On s’était donné rendez-vous sur le port, un port de France dont vous ne saurez rien, dans un troquet en France dont vous ne saurez rien non plus. Nadège étant ma championne du dating, elle mérite d’autant plus le respect et la préservation de son identité. Car ceci est une histoire vraie, de celles qui vous laissent coi, avec ce petit goût d’anecdote originale offerte subtilement par l’univers et à raconter à l’apéro. Au premier abord, le tête-à-tête était plutôt sympathique. Deux presque quadragénaires debout au comptoir, faisaient connaissance dans la joie et la bonne humeur, au milieu de jeunes fêtards qui braillaient leur désir de vivre en musique. Je pense que d’un côté comme de l’autre, nous n’avions pas d’attirance particulière susceptible de nous rapprocher, néanmoins quelques atomes crochus et des choses à partager autour d’un verre. Quelque soit la rencontre, je la trouvais toujours enrichissante, même avec une nana exécrable, ne serait-ce que pour parfaire « ma petite sociologie de la connasse », que Nadège n’était absolument pas. Le premier godet, probablement un martini blanc glacé me concernant, tourna beaucoup autour de nos emplois respectifs en « vie scolaire ». Nous partagions le même enthousiasme pour l’atmosphère lycéenne et prenions plaisir à accompagner des jeunes, aussi bien dans ces moments de légèreté que leur spontanéité permet au quotidien, que dans leurs travers qu’il fallait parfois recadrer, avec la posture haute de l’adulte qui doit faire comme s’il n’avait jamais fait de connerie. Ce sujet à lui seul aurait pu nous tenir la soirée…

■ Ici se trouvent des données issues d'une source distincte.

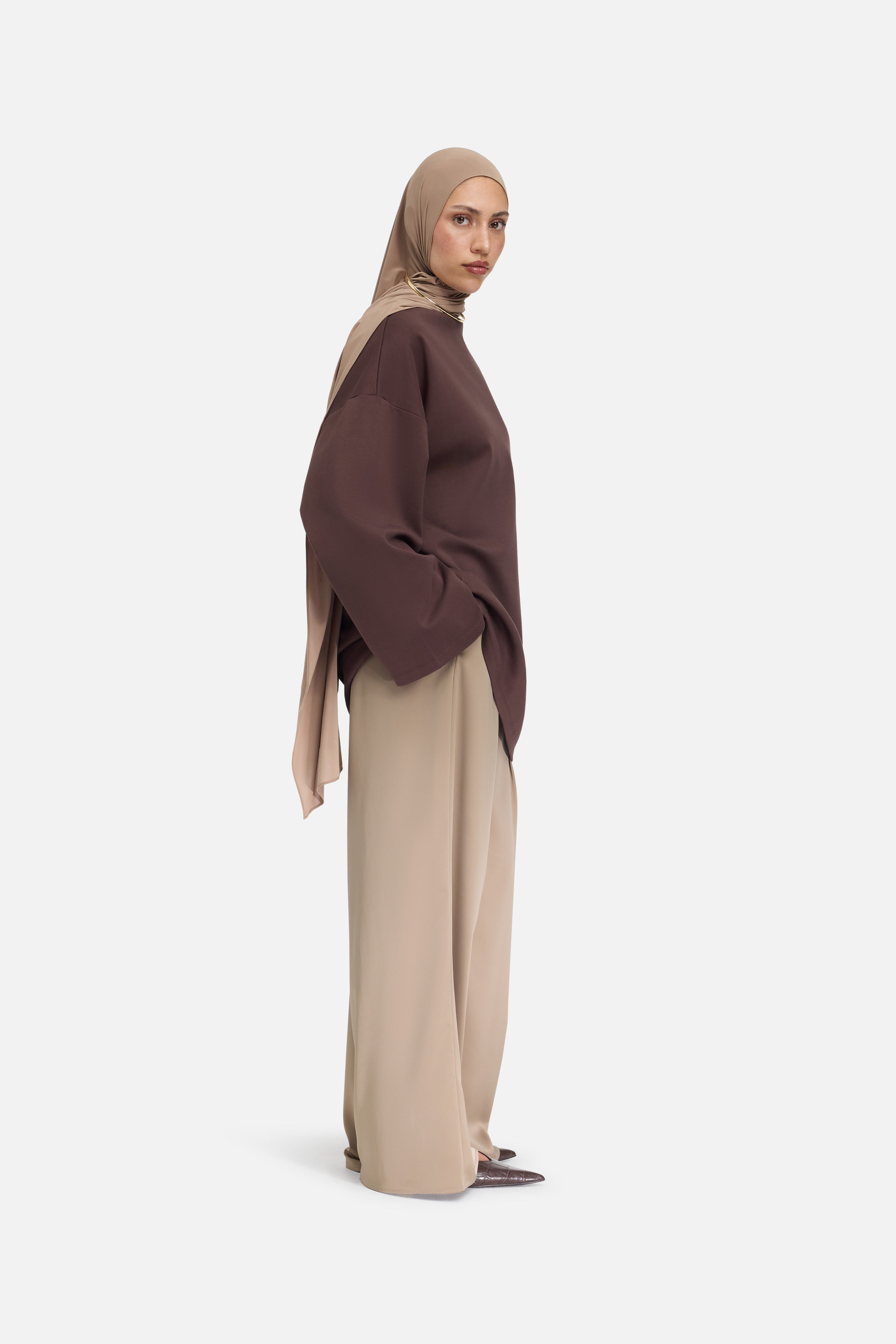 High Neck Tee | Dark Brown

Seulement voilà, on venait à peine de commander le deuxième verre, que Nadège devint soudainement blême. Elle semblait gênée et me baragouina à demi-mot qu’elle ne se sentait pas très bien. Forcément, je me suis dit que la meuf voulait se carapater, que ma tronche ne lui revenait pas, que les apparences et les préférences avaient résolument trop d’importance. Mais pas du tout, ses différents changements de couleurs confirmaient son malaise grandissant. Nadège avait mal au ventre, très mal au ventre, elle passait du jaune au vert avec une certaine agitation qui devenait inquiétante. A mon grand désarroi, le deuxième Martini blanc glacé resterait sur le zinc à moitié plein. Je prenais les choses en main en informant le portier du bistrot, sur le trouble de la demoiselle dorénavant blanchâtre. Comme quoi personne dans la vie ne choisit sa couleur. Le gars sympa aida la malade à s’installer sur un fauteuil en terrasse, le temps que je cours chercher la voiture direction les urgences. L’important c’est d’écouter son cœur. Nadège était raide. Elle était dans l’impossibilité de s’asseoir, elle ne pouvait plus fléchir le bassin, se tordant de douleur. L’aider à se loger dans la voiture fût particulièrement délicat. Je reculais le siège passager à fond pour que Nadège puisse quasiment s’allonger. Croyez-moi, ce n’était pas pour lui faire des avances. Elle ne pouvait que plier les genoux le temps du trajet, le reste du corps droit comme un piquet, contorsionnée pour gérer son calvaire. Nadège était maintenant livrée à un parfait inconnu, à qui elle devrait faire confiance pour rejoindre rapidement les urgences, fort heureusement situées à deux petits kilomètres.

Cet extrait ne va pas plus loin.